Your answer is to be the exact text of the lines from the one containing "TNA Aritzia Waffle" through the final line of the entries, restated in full, with pictures omitted.

◆ Recorded information ◆
[Start of section]

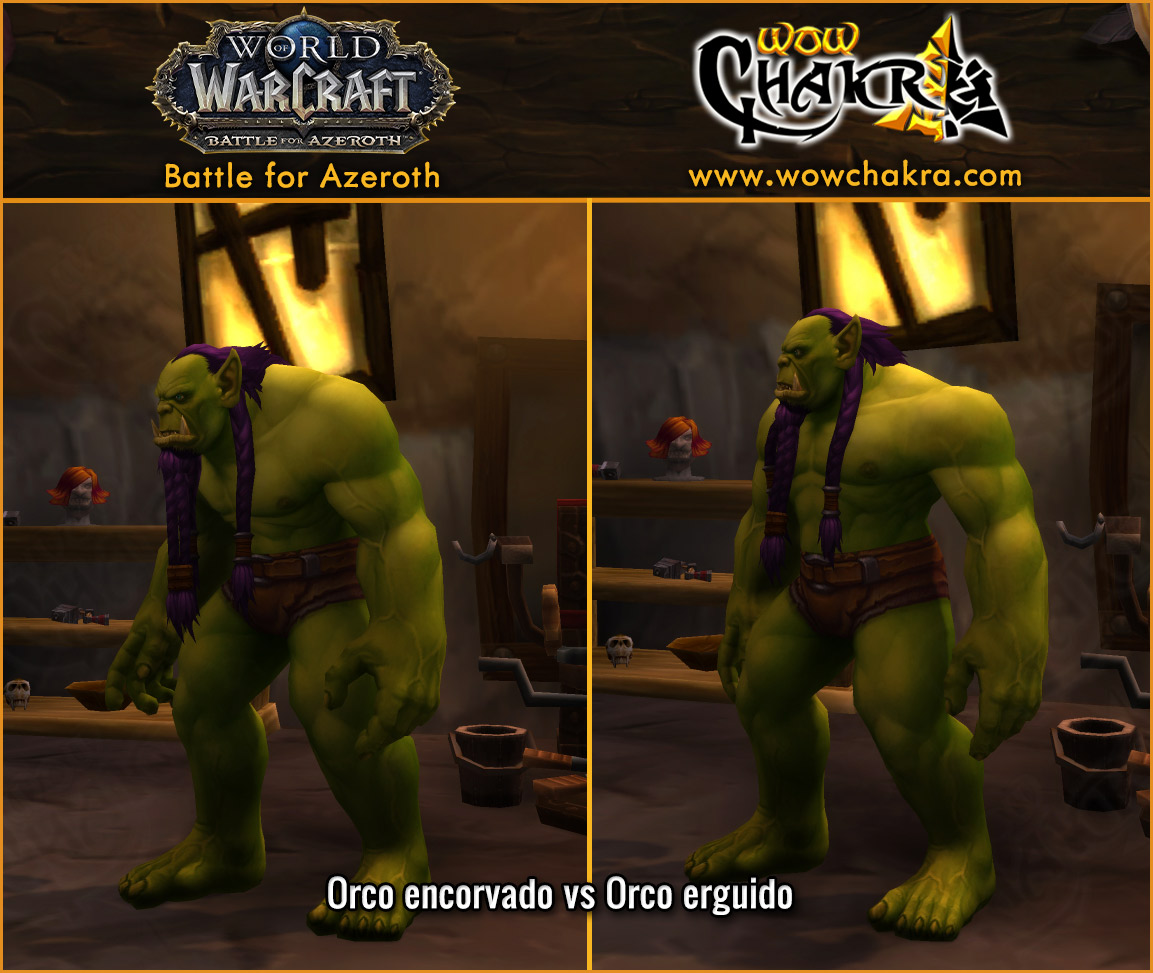Comparativa Orcos erguidos orcos encorvados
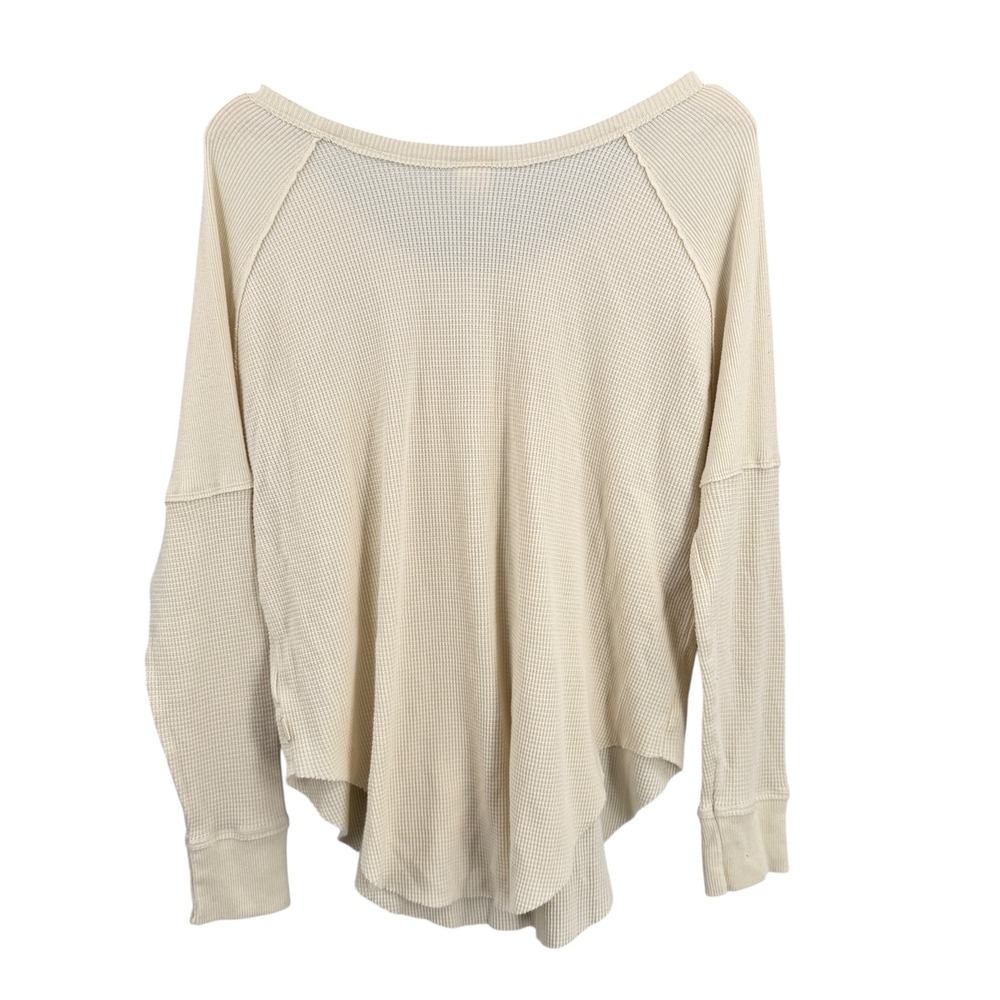 TNA Aritzia Waffle Knit Thermal Top Cream Long Sleeve Womens Medium - Picture 2 of 5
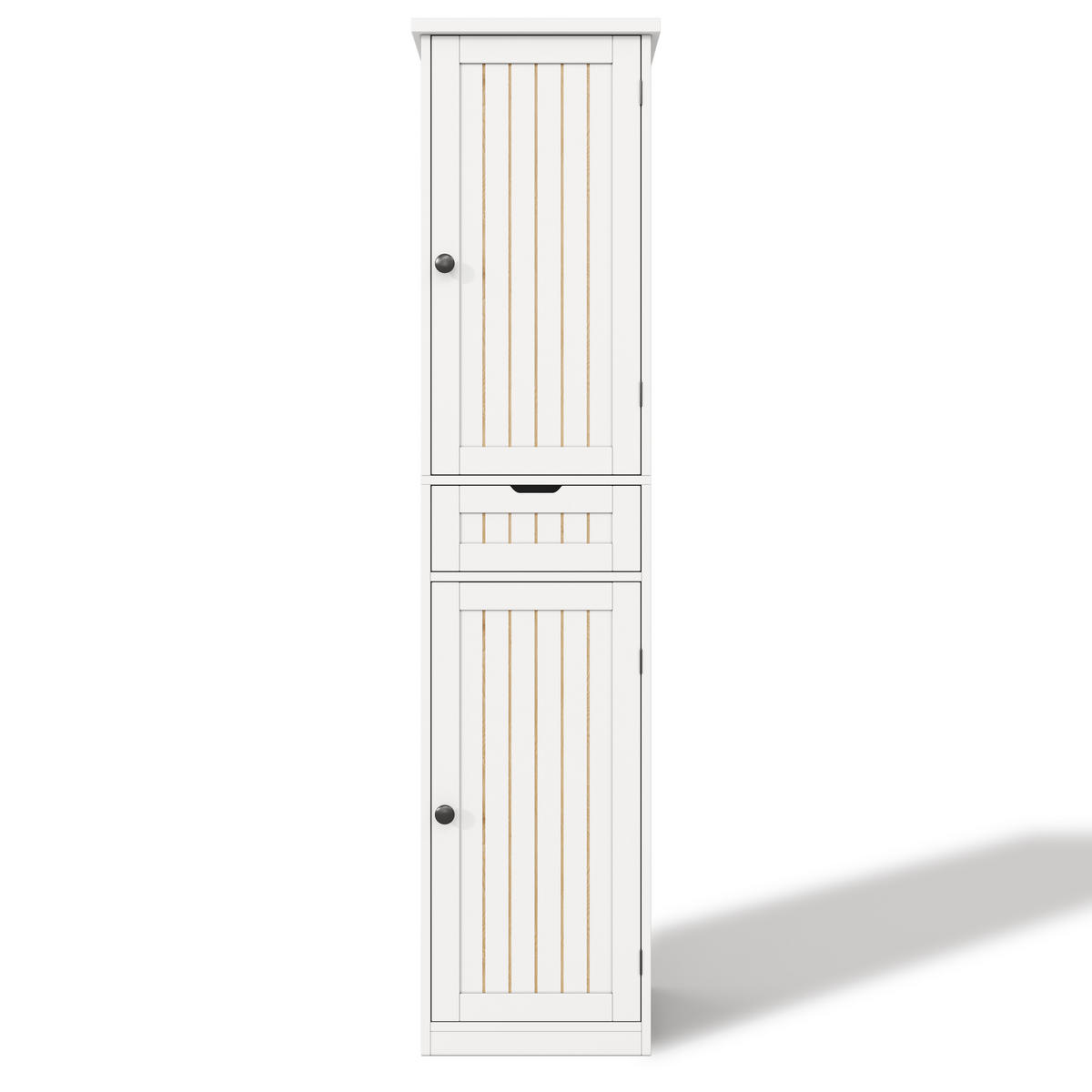 KÜCHENSCHRANK Weiß aus MDF mit Retro-Gittertüren 170 × 40 × 30 cm - Weiß, Holzwerkstoff (40/170/30cm) - Luhomfu
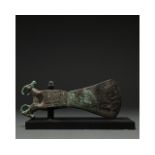 RARE BRONZE AGE BATTLE AXE WITH RAM HEADS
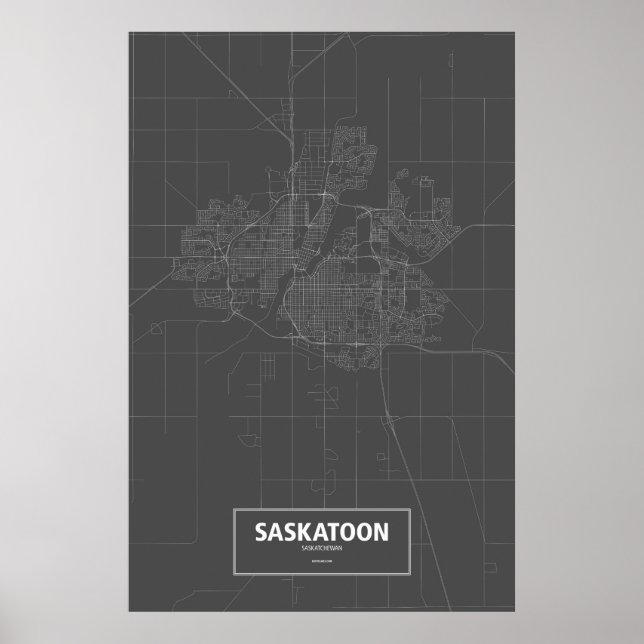 Póster Saskatoon, Saskatchewan (blanco sobre negro) (Frente)
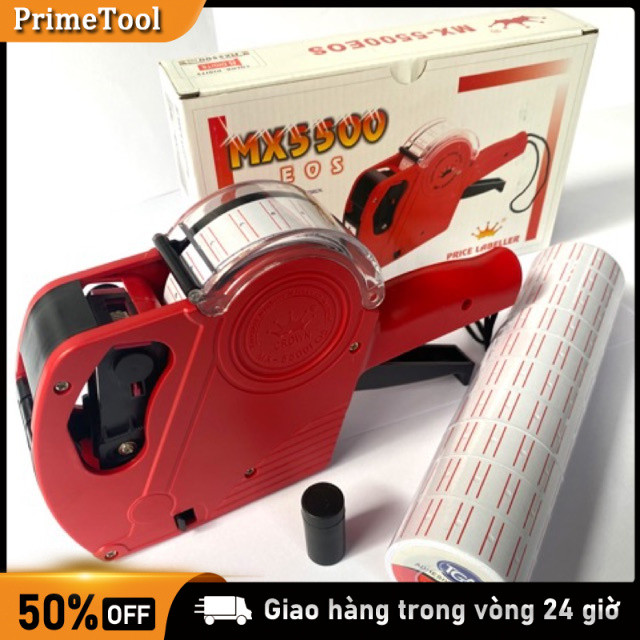 Bộ dụng cụ bấm giá đầy đủ (máy, 200 tem, 2 mực), Máy Bắn/Bấm Giá Tiền, Có Ký Hiệu VND, Núm Xoay Nhẹ, Tem (200 tem)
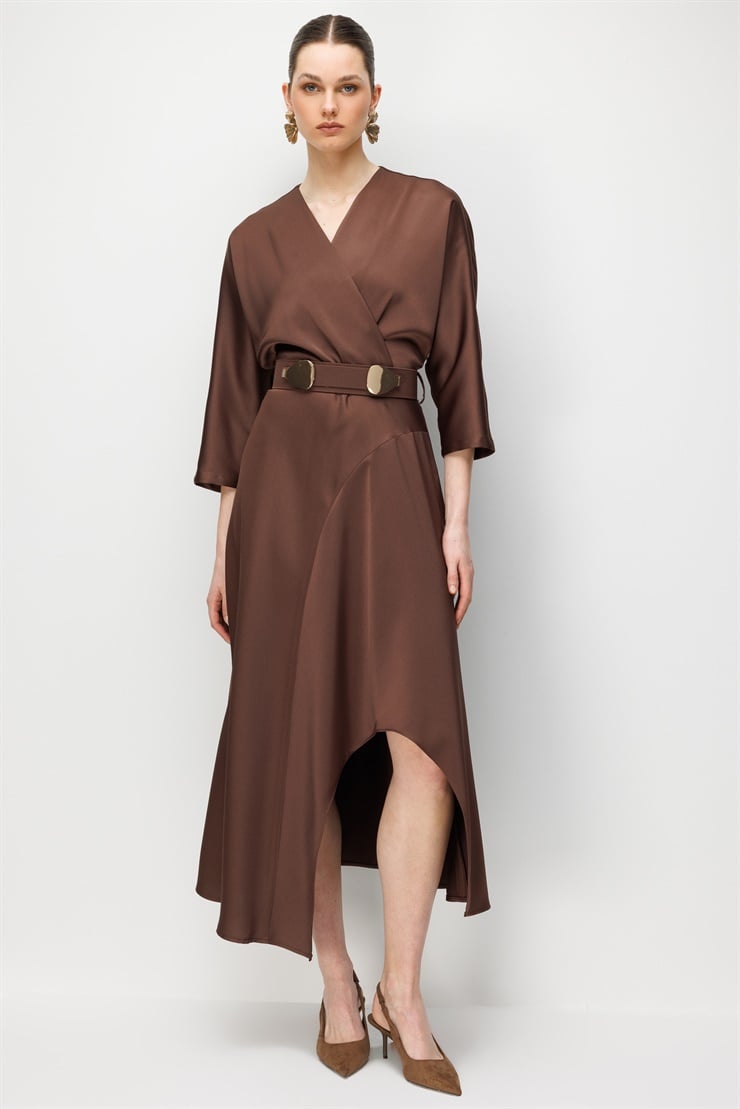 Modailgi  Beli Kemerli Kruvaze Yaka Eteği Asimetrik Elbise Kahve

[End of section]

◆ Task answer ◆
 TNA Aritzia Waffle Knit Thermal Top Cream Long Sleeve Womens Medium - Picture 2 of 5
 KÜCHENSCHRANK Weiß aus MDF mit Retro-Gittertüren 170 × 40 × 30 cm - Weiß, Holzwerkstoff (40/170/30cm) - Luhomfu
 RARE BRONZE AGE BATTLE AXE WITH RAM HEADS
 Póster Saskatoon, Saskatchewan (blanco sobre negro) (Frente)
 Bộ dụng cụ bấm giá đầy đủ (máy, 200 tem, 2 mực), Máy Bắn/Bấm Giá Tiền, Có Ký Hiệu VND, Núm Xoay Nhẹ, Tem (200 tem)
 Modailgi  Beli Kemerli Kruvaze Yaka Eteği Asimetrik Elbise Kahve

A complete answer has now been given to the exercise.